Evaluation of anti-human coronavirus agents

抗人类冠状病毒药物的评价

• 批准号: 16590434
• 负责人: HAYASHI Kyoko
• 金额: $ 2.3万
• 依托单位: University of Toyama (2005-2006)Toyama Medical and Pharmaceutical University (2004)
• 依托单位国家: 日本
• 项目类别: Grant-in-Aid for Scientific Research (C)
• 财政年份: 2004
• 资助国家: 日本
• 起止时间: 2004 至 2006
• 项目状态: 已结题
• 来源: https://kaken.nii.ac.jp/en/grant/KAKENHI-PROJECT-16590434/
• 关键词: human coronavirus; glycoproteins; monoclonal antibody; antiviral assay; ヒトコロナウイルス; 糖蛋白質; ウイルス活性; 作用標的

More than three hundreds of substances including synthesized chemicals and natural products from plants and algae have been assayed for their anti-huma coronavirus (HCoV) activities. Some sulfated polysaccharides isolated from algae showed potent antiviral activity. Other classes of substance with low molecular weight also showed higher antiviral action. In order to elucidate their anti-HCoV targets, we have performed different kinds of experiments and obtained the results as shown below.1. Effect on viral adsorption to host cells : At the first step of viral replication, virus binds to the receptor present on host cell membrane. All the substances with potent anti-HCoV activity were found not to interfere with the binding step.2. Effect on viral penetration into host cells : After binding to host cells, virus particles rapidly penetrate into the cells. Anti-HCoV agents including rhamnan sulfate, dextran sulfate, digitoxin, digoxin, and bufalin showed inhibitory effect on the penetration of HCoV in the range of antiviral concentrations.3. Virucidal activity : Direct inactivity of virus infectivity should attribute to the suppression of HCoV replication at the respiratory organs. So far, a derivative of phenoxazines showed potent virucidal activity without cytotoxicity. The elucidation of the mechanism of this action is in progress.4. Effect on the synthesis of HCoV-specific proteins : Virus-specific proteins were detected by immunoblotting using the monoclonal antibodies. A natural rhamnan sulfate isolated from an edible alga suppressed efficiently the viral protein synthesis when added to the medium at the same time as viral infection.
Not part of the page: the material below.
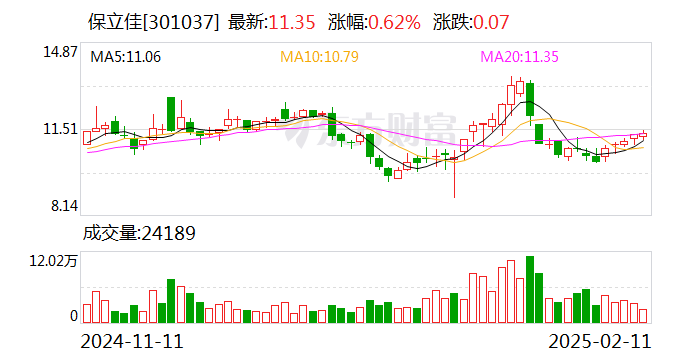 保立佳：擬公開掛牌出售煙臺新材料100%股權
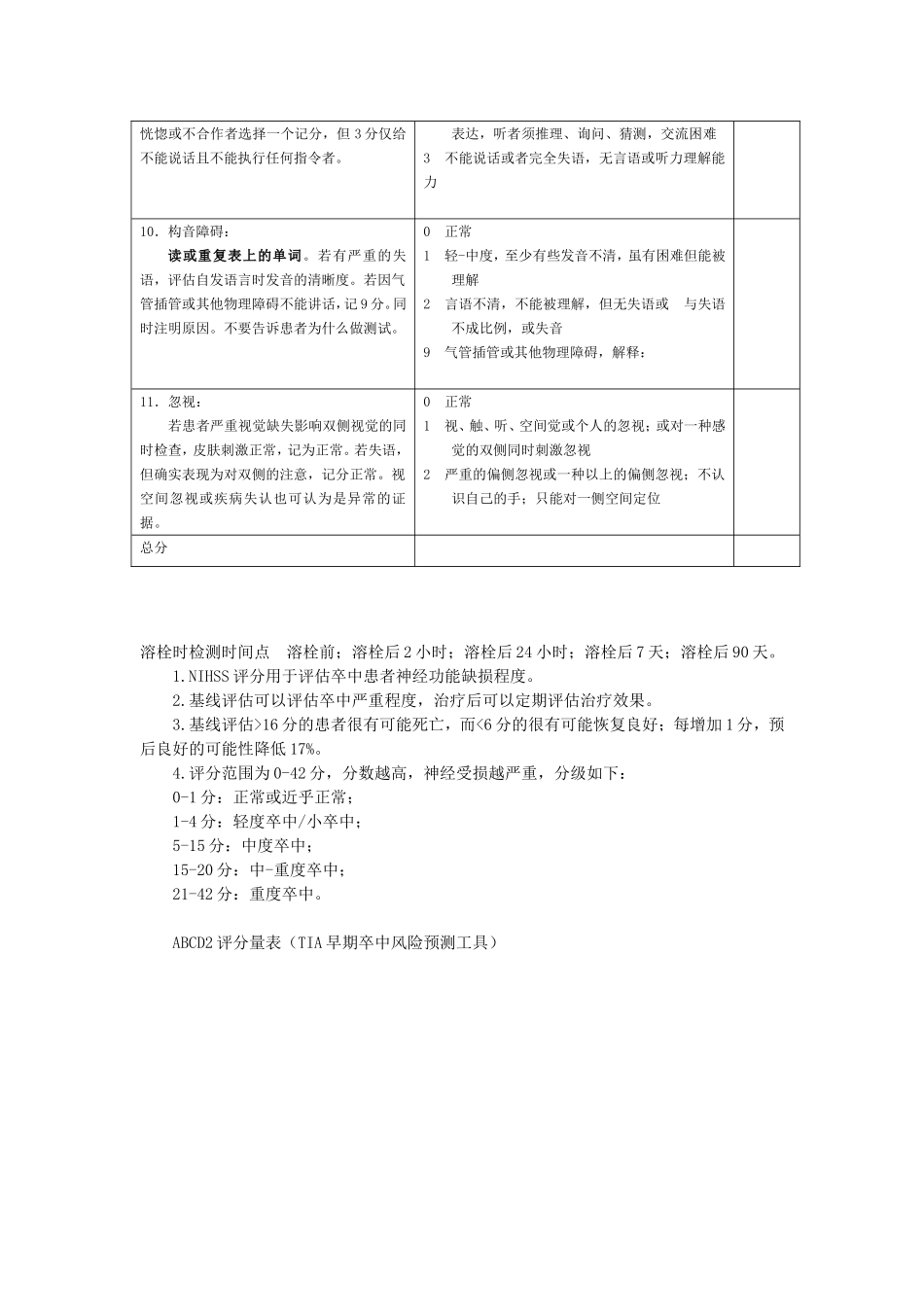 NIHSS-评分量表-使用版_第3页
已经检测了超过300种物质，包括合成的化学物质和来自植物和藻类的天然产物，以确定其抗人类冠状病毒（HCoV）的活性。从海藻中分离得到的硫酸多糖具有较强的抗病毒活性。其他种类的低分子量物质也表现出较高的抗病毒作用。为了阐明它们的抗HCoV靶点，我们进行了不同类型的实验，并获得了如下结果.对病毒吸附到宿主细胞的影响：在病毒复制的第一步，病毒与宿主细胞膜上存在的受体结合。所有具有强抗HCoV活性的物质均不干扰结合步骤.对病毒穿透宿主细胞的影响：病毒颗粒与宿主细胞结合后，迅速穿透细胞。抗HCoV药物硫酸鼠李聚糖、硫酸葡聚糖、洋地黄毒苷、地高辛和蟾蜍灵在一定浓度范围内对HCoV的穿透均有抑制作用.杀病毒活性：病毒感染性的直接失活应归因于呼吸器官中HCoV复制的抑制。到目前为止，吩恶嗪衍生物显示出有效的杀病毒活性而没有细胞毒性。这种作用的机理正在阐明之中。对HCoV特异性蛋白合成的影响：使用单克隆抗体通过免疫印迹检测病毒特异性蛋白。从可食用植物中分离的天然硫酸鼠李聚糖在病毒感染的同时加入培养基中，有效地抑制了病毒蛋白质的合成。